Гарольд опустился на пол рядом с ним.
– Джуд, ничего страшного. Ты ведь не нарочно. – Он говорил очень тихо. – Дай мне осколки. – Гарольд бережно взял остатки чашки, но голос его не звучал сердито.
– Я могу уехать, – предложил он.
– Ты, конечно же, никуда не поедешь, – сказал Гарольд. – Джуд, ничего страшного не произошло.
– Но это была кружка Джейкоба, – услышал он собственный голос.
– Да, – сказал Гарольд. – Была и осталась. – Он встал. – Джуд, посмотри на меня. – И он наконец посмотрел. – Все хорошо. Дай мне руку.
Он взял руку Гарольда, и тот помог ему встать на ноги. Ему хотелось завыть: после всего, что Гарольд сделал для него, он отплатил ему тем, что уничтожил самое драгоценное, созданное самым дорогим человеком.
Гарольд поднялся в свой кабинет, неся в руках разбитую кружку, а он закончил уборку в тишине, весенний день померк для него. Когда вернулась Джулия, он ждал, что Гарольд расскажет ей, что он натворил, тупой увалень, но Гарольд ничего не сказал. Вечером за ужином Гарольд вел себя как обычно, но, вернувшись на Лиспенард-стрит, он написал Гарольду настоящее бумажное письмо, с настоящими извинениями, как положено, и послал.
А через несколько дней он получил ответ, тоже настоящее письмо, которое он будет хранить до конца своих дней.

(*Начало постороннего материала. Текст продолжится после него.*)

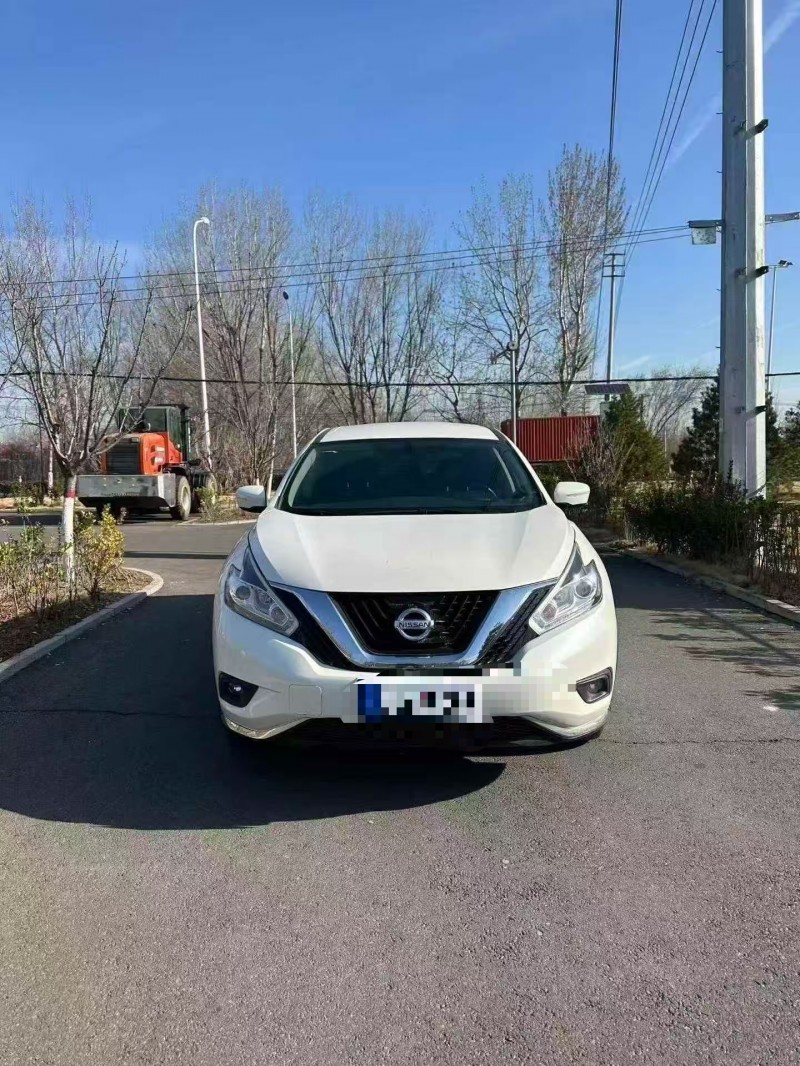 青岛23年日产楼兰1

«Дорогой Джуд, – писал Гарольд, – спасибо за твое прекрасное (хоть и излишнее) письмо. Я дорожу каждым словом в нем. Ты прав: эта кружка много для меня значит. Но ты значишь больше. Поэтому, пожалуйста, перестань себя казнить.

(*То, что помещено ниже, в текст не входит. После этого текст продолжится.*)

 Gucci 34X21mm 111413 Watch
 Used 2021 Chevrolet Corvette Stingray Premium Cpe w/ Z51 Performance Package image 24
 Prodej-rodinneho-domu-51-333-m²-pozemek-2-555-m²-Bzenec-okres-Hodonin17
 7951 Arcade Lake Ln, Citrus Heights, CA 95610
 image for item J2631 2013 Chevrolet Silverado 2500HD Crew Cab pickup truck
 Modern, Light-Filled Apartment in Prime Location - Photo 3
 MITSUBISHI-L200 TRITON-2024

Будь я другим человеком, я бы мог сказать, что этот случай – метафора всей жизни. Неизбежно что-то ломается, иногда это можно починить, но в большинстве случаев ты понимаешь: какой бы ущерб ни нанесла тебе жизнь, она перестроится и воздаст тебе за твою потерю, иногда самым чудесным образом.
А может быть, я и есть такой человек и скажу именно так.
С любовью, Гарольд».
Он всего пару лет назад простился со слабенькой, но стойкой надеждой на выздоровление – хоть и знал, что так не бывает, хоть Энди и твердил ему об этом с семнадцати лет. В самые тяжелые дни он словно мантру повторял про себя слова того хирурга из Филадельфии: у позвоночника превосходные способности к восстановлению. Через несколько лет после знакомства с Энди, когда он уже учился на юриста, он наконец набрался храбрости и поделился с ним этим предсказанием, которым так дорожил, за которое так цеплялся, надеясь, что Энди кивнет и скажет: «Совершенно верно. Нужно просто подождать».
Но Энди фыркнул:
– Это он так сказал? Джуд, лучше тебе не станет, с возрастом будет только хуже.
Говоря это, Энди глядел на рану, которая открылась у него на лодыжке, и выковыривал из нее пинцетом кусочки омертвевшей кожи – и вдруг застыл, и он, даже не видя его лица, понял, что Энди корит себя за сказанное.
– Прости, Джуд, – Энди взглянул на него, по-прежнему придерживая его ногу одной рукой. – Прости, что не могу тебя обнадежить.
Он не сумел на это ничего ответить, и Энди вздохнул:
– Ты расстроился.
Конечно же он расстроился.
– Все в порядке, – выдавил он, но так и не нашел в себе сил поглядеть на Энди.
– Прости, Джуд, – тихо повторил Энди.
У Энди манера поведения часто менялась от грубоватой до мягкой, и он часто сталкивался с обеими этими его сторонами, подчас – за один прием.
– Но вот что я тебе обещаю, – сказал Энди и снова занялся его лодыжкой, – на мою помощь ты всегда можешь рассчитывать.
И он не солгал. Можно сказать, что Энди и знал о нем больше всех остальных его друзей: Энди был единственным человеком, перед которым он, уже будучи взрослым, раздевался донага, единственным, кто знал его тело со всех сторон. Когда они встретились, Энди учился в ординатуре, специализацию получал тоже в Бостоне, а затем оба они, с разницей в каких-нибудь несколько месяцев, перебрались в Нью-Йорк. Энди был хирург-ортопед, но его лечил от всего – и от боли в ногах и спине, и от простуды.